INFORMATION SHOWN:
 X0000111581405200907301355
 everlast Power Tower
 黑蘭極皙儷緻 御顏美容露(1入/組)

--

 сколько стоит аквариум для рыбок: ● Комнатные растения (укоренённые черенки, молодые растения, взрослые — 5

TASK REQUIREMENTS: Above are some lines. Repeat exactly, and only, those from the line that has "X0000111581405200907301355" through the line that has "黑蘭極皙儷緻 御顏美容露(1入/組)".

EXPECTED ANSWER:
 X0000111581405200907301355
 everlast Power Tower
 黑蘭極皙儷緻 御顏美容露(1入/組)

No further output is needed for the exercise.